Query OK, 1 row affected (0.01 sec)
Ensure the customer's details are in place by running the following
SELECT statement against the
customers table.
mysql> SELECT
customer_id,
first_name,
last_name,
phone
FROM customers;
Confirm the output below.
+-------------+------------+-----------+--------+
| customer_id | first_name | last_name | phone |
+-------------+------------+-----------+--------+
| 1 | JOHN | DOE | 111111 |
| 2 | MARY | SMITH | 222222 |
| 3 | JACOB | JAMES | 444444 |
| 4 | STEVE | JACKES | 888888 |
| 5 | MARY | SMITH | 222222 |
| 6 | RIAN | WHITE | 101010 |
| 7 | APPLE | GRABRIEL | 242424 |
| 8 | RIAN | WHITE | 101010 |
| 9 | JACOB | JAMES | 444444 |
| 10 | JOHN | DOE | 111111 |
+-------------+------------+-----------+--------+
10 rows in set (0.00 sec)
As you can see from the output above,
JOHN DOE's,
MARY SMITH's,
RIAN WHITE and
JACOB JAMES' records have been repeated.

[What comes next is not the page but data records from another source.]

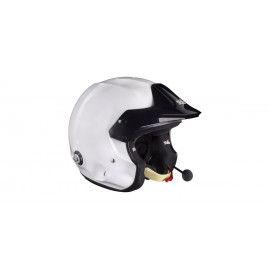 Casque Stilo Venti Trophy Rally Snell 2020 blanc/noir Casque Stilo Venti Trophy Rally Snell 2020 blanc/noir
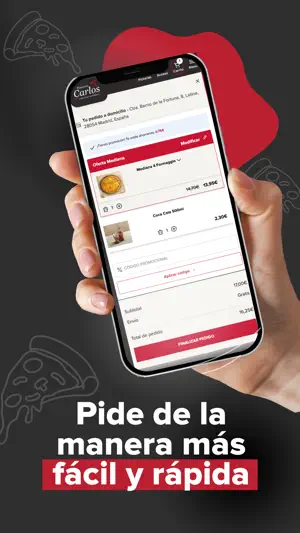 Pizzeria Carlos screenshot 2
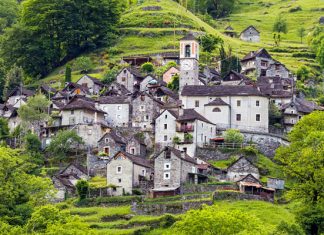 Кориппо: швейцарская деревня, которая скоро станет одним большим отелем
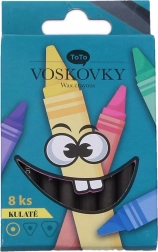 Voskovky ERGO TOTO 8 ks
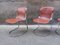 Chrome and Leather Chairs, 1970s, Set of 4, Image 8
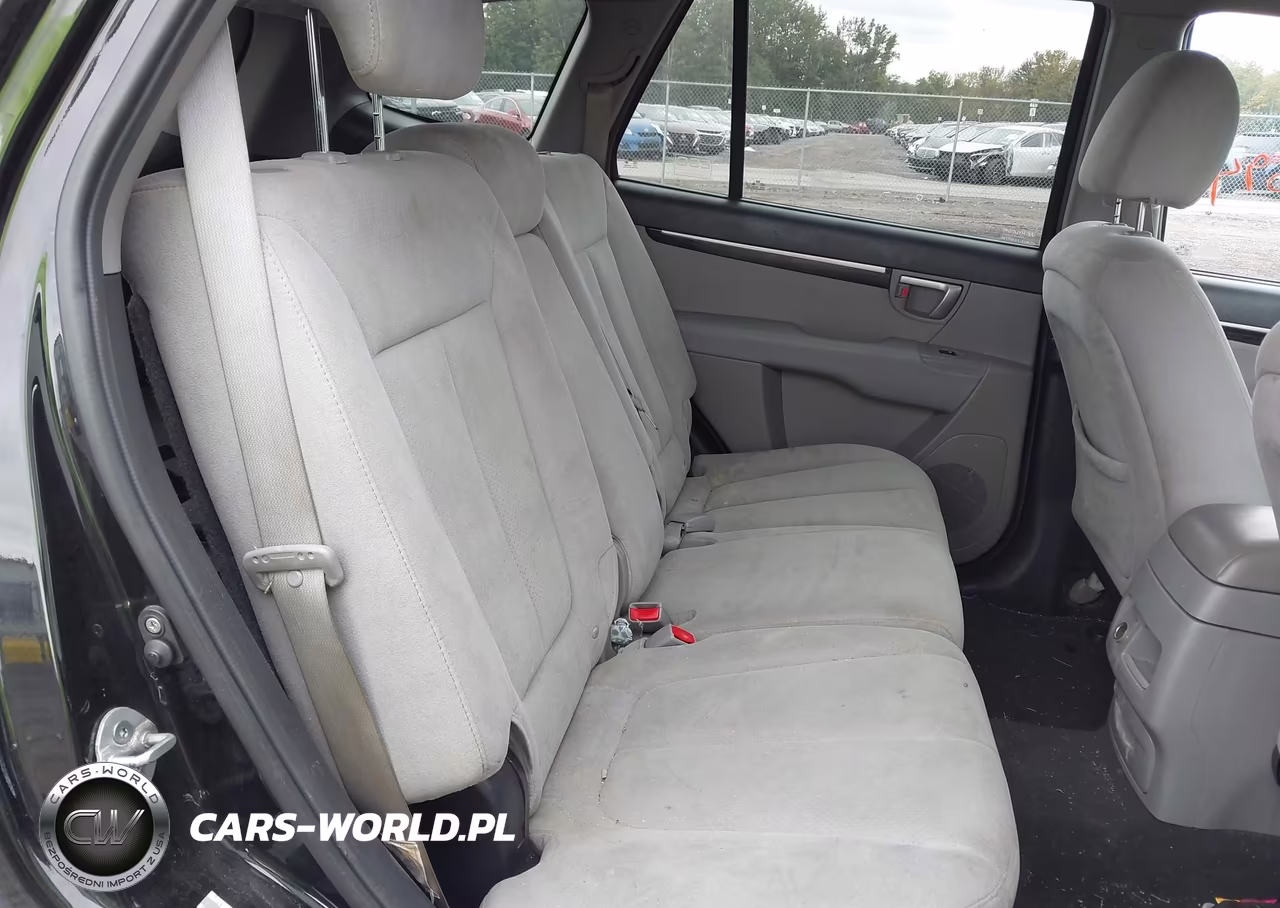 2009 Hyundai Santa Fe Gls VIN:5NMSG73D49H308765 - 8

You can notice this difference by physically examining the output from the
SELECT statement above because you just have a few records in your table.
Your table might contain thousands or millions of records in a production environment, and finding and eliminating duplicates manually may not be a feasible solution. In the next step, you'll learn how to do this using a single SQL statement.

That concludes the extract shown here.